The equivalent of the miner found in eth1 is the validator clients for eth2. The move to staking separated roles means that the validators feed into a static beacon node. The role of the validators are:



⦁ Proposing new blocks on assigned shards.

⦁ Attesting to other blocks validated by other validator clients.

⦁ Attestations can be either singular or aggregated. Validator clients aggregate attestations and broadcast this information to the beacon chains.

⦁ Validators finalizing the blockchain.


The requirements for the node and clients are different. For example, to validate, you will need the following:


32 ETH to secure your right to validate. This is a one-way transaction. Once the 32 eth1 are sent, the validator is given an exchange of BETH on a 1:1 basis. Systems as simple as the Raspberry Pi can be used for validators. 


Expected returns from being validator changes dynamically with the amount of eth1 being staked. The image below shows the distribution. The current rate is ~9.1%. At 10M eth1, the rate flatlines to 5% annually. 

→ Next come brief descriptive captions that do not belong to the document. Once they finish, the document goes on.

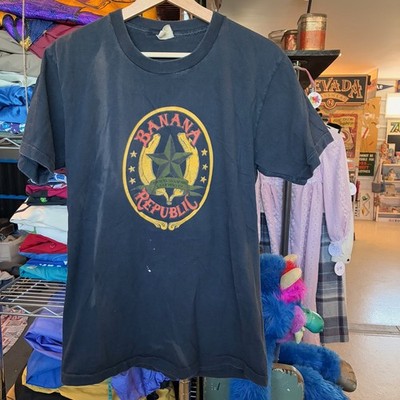 1980s Vintage BANANA REPUBLIC T-shirt Retro Black Travel and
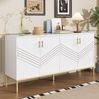 Sideboard mit 4 Türen & Einlegeböden, weiß/gold, 160x40x80,5 cm Bild 5
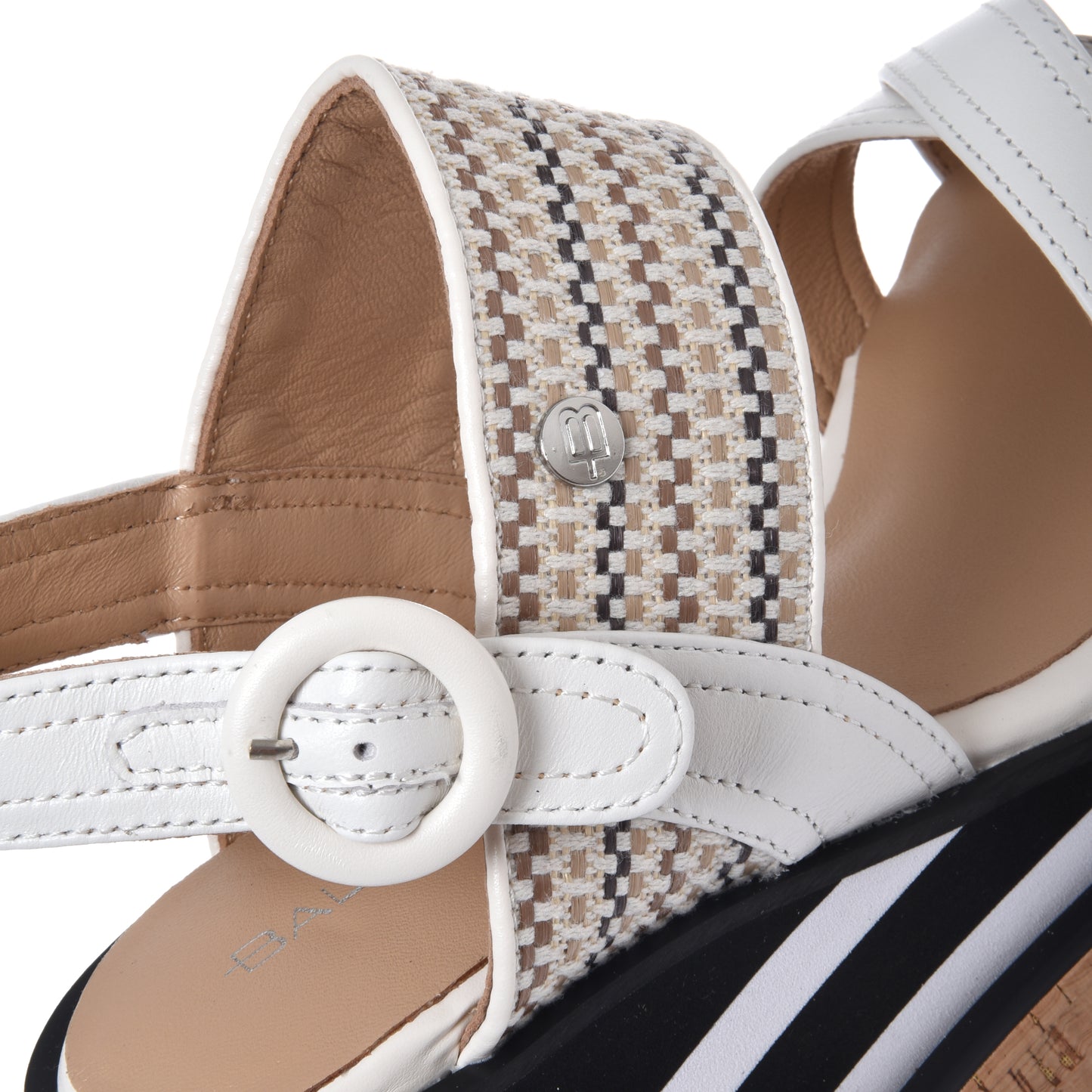 White nappa leather sandal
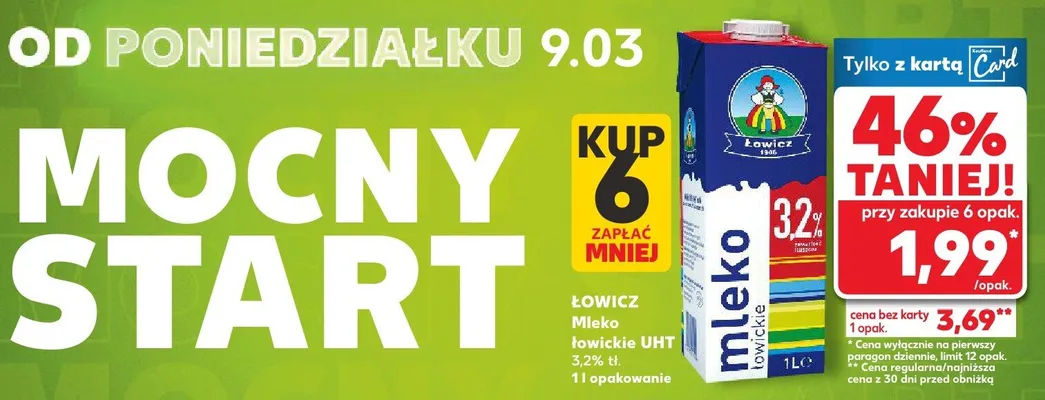 Mleko łowickie UHT 3,2% promocja w Kaufland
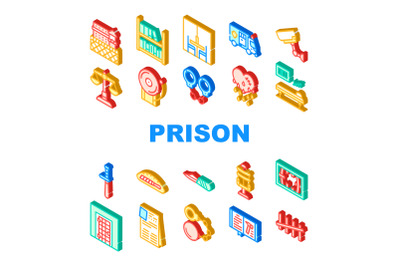 Prison Building And Accessory Icons Set Vector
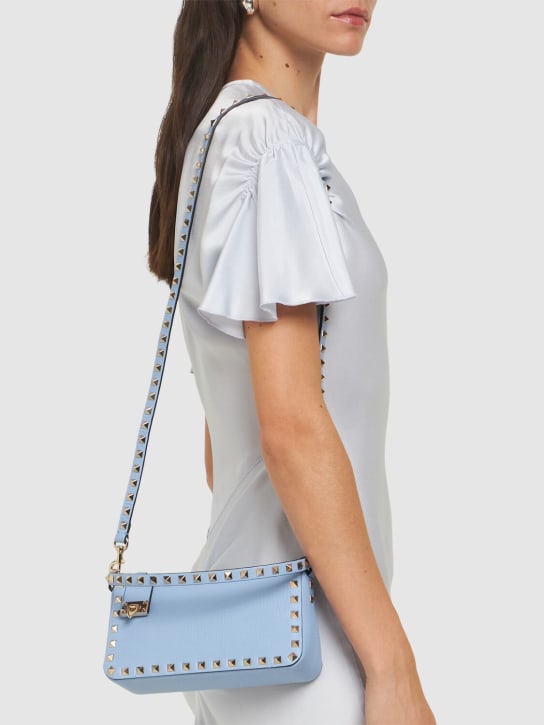 Valentino Garavani: Small Rockstud leather shoulder bag - Poplin Blue - women_1 | Luisa Via Roma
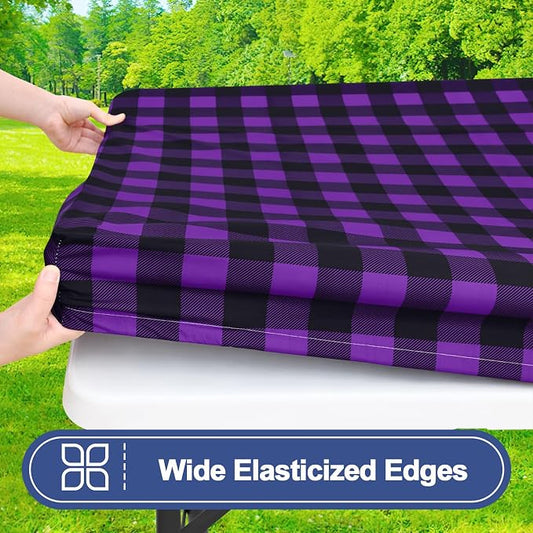 Smiry Picnic Table Cloth 2 Pack, Waterproof Elastic Fitted Tablecloths for 6FT Rectangle Tables, Washable Polyester Buffalo Plaid Tablecloth for Camping & Outdoor (Black & Purple, 30" x 72")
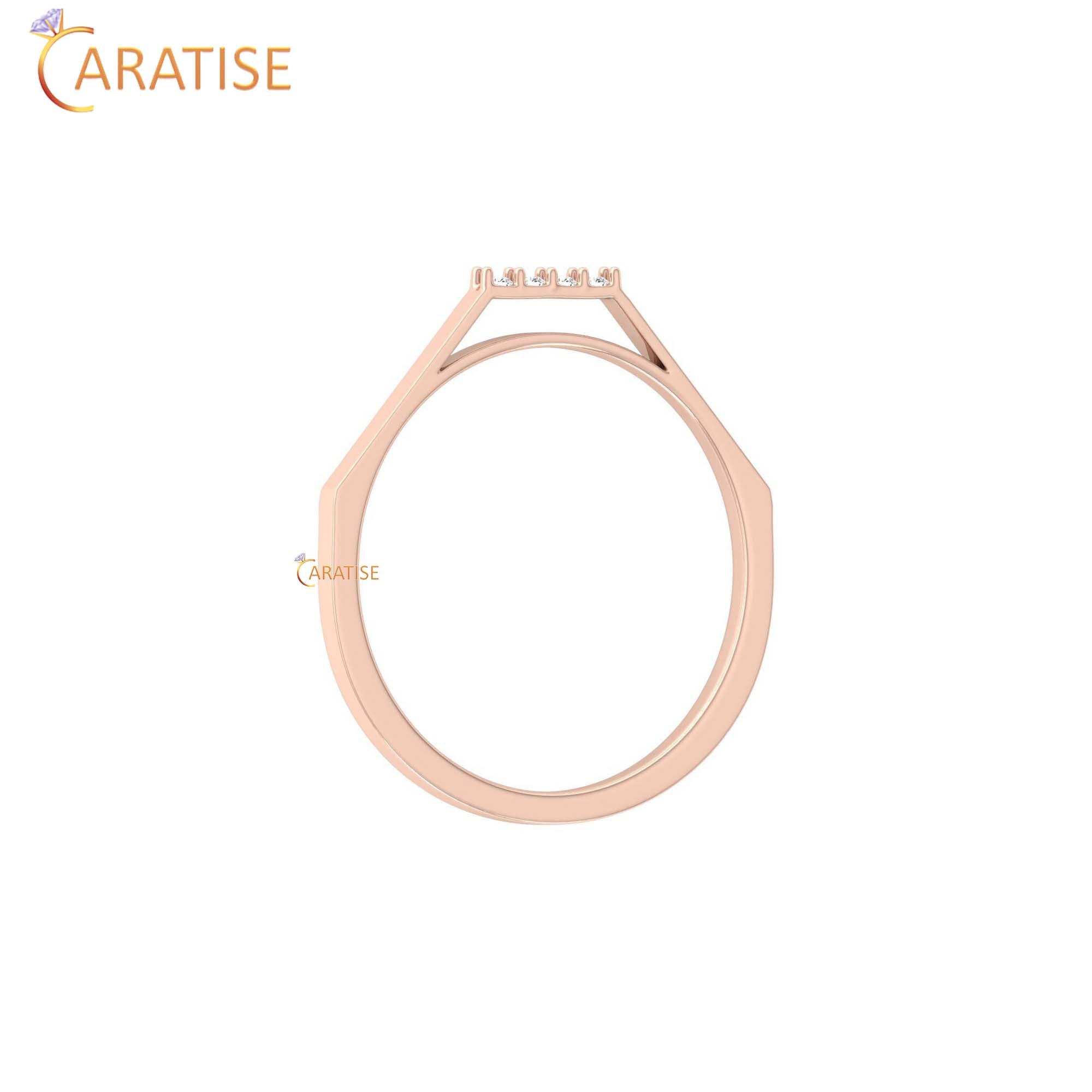 0.03 TDW Round Cut Women's Minimalist Diamond Ring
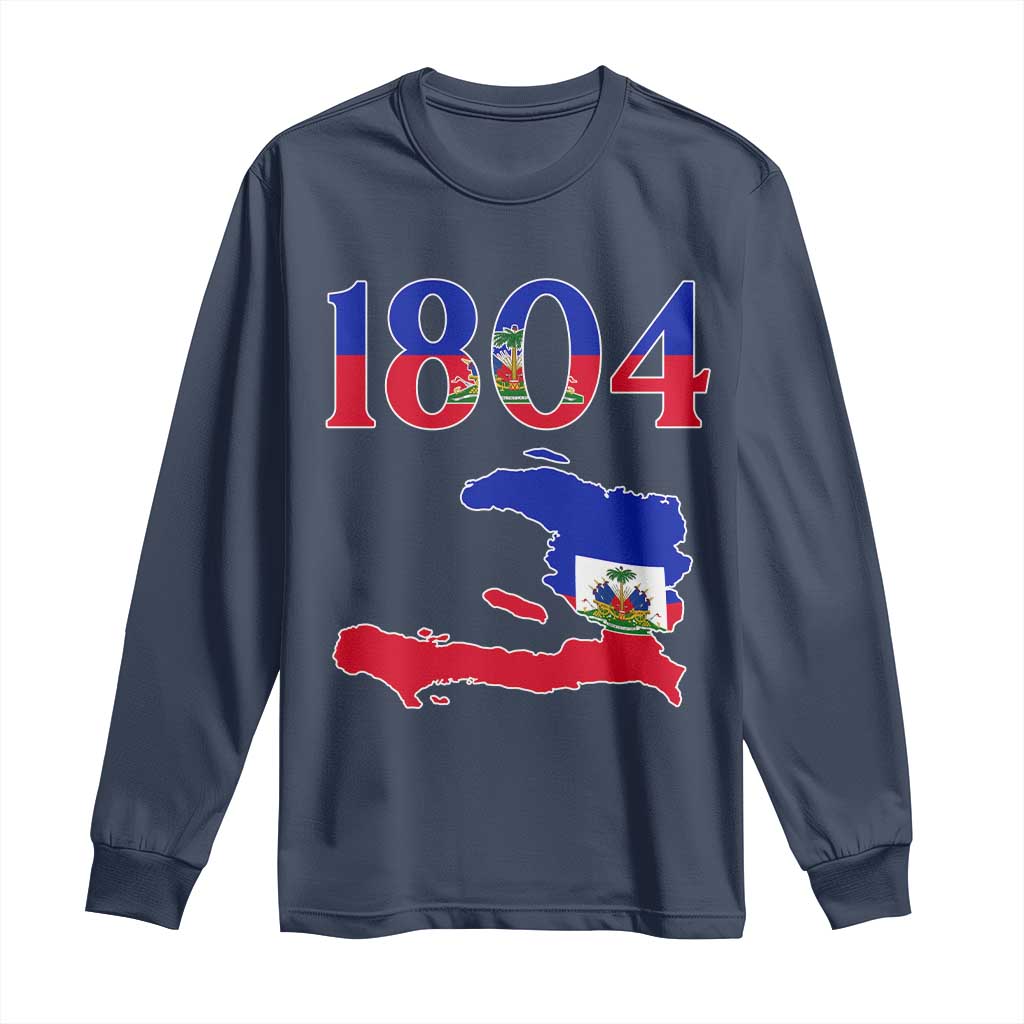 1804 Haiti Map and Flag Long Sleeve Shirt Haitian Heritage Pride Graphic TS02 Navy Print Your Wear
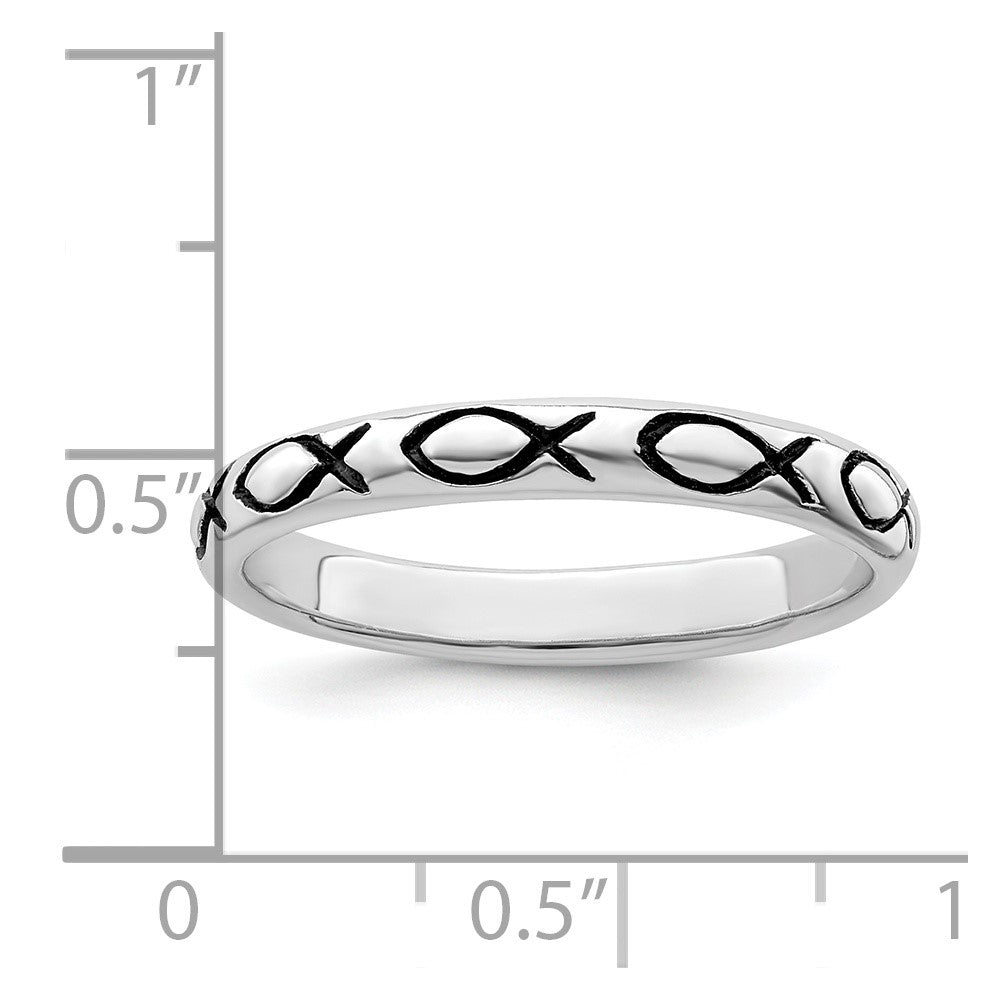Sterlingsilber Rhodiniert Poliert Antikisiert Ichthus Ring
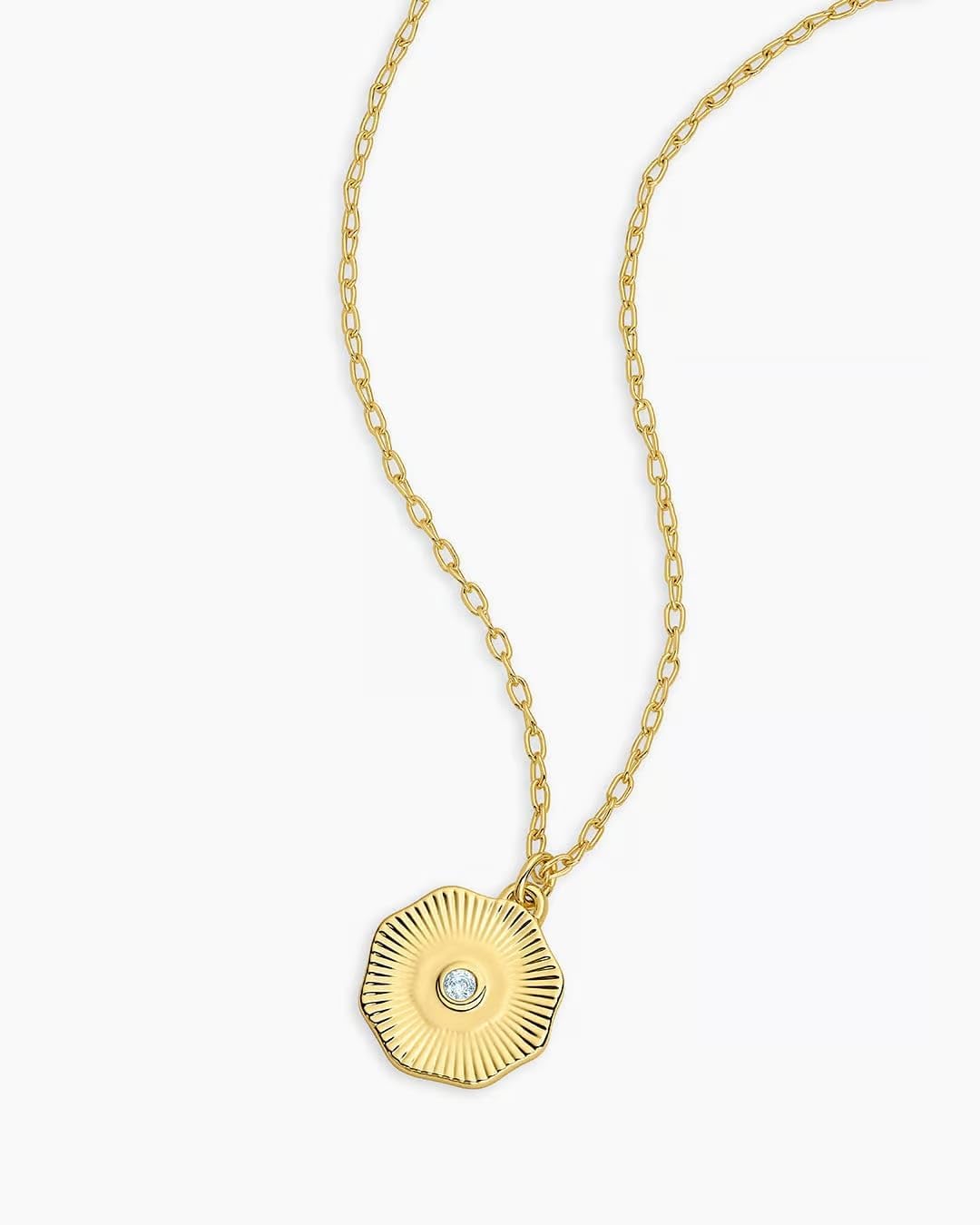 gorjana - Birthstone Coin Necklace 16"-18" - 18k Gold Plated Brass - Personalized Gemstone Options - Adjustable Chain Length - Gifting for special occasions - Image 5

Slashing and Other Punishments


Digital asset protocols, at least the ones that have become a part of the substrate of crypto-development, all have an incentive system. It is important to understand human behavior find ways to reward good behaviors, and punish the bad in the code. For eth2, punishments come in the form of slashing. Recalling the 32 eth1 being used to validate, the reason for this stake is to punish those who either:



⦁ Attest to incorrect data in the blocks.

⦁ Try to run multiple validators from the same private key.

⦁ Go offline especially when the volume is at a peak. 


Slashings can be as little as only the returns from staking during the period, or the entire staked amount. The slashings can also occur on a network-wide basis and be distributed accordingly, or a single validator can be punished for slashable behavior. 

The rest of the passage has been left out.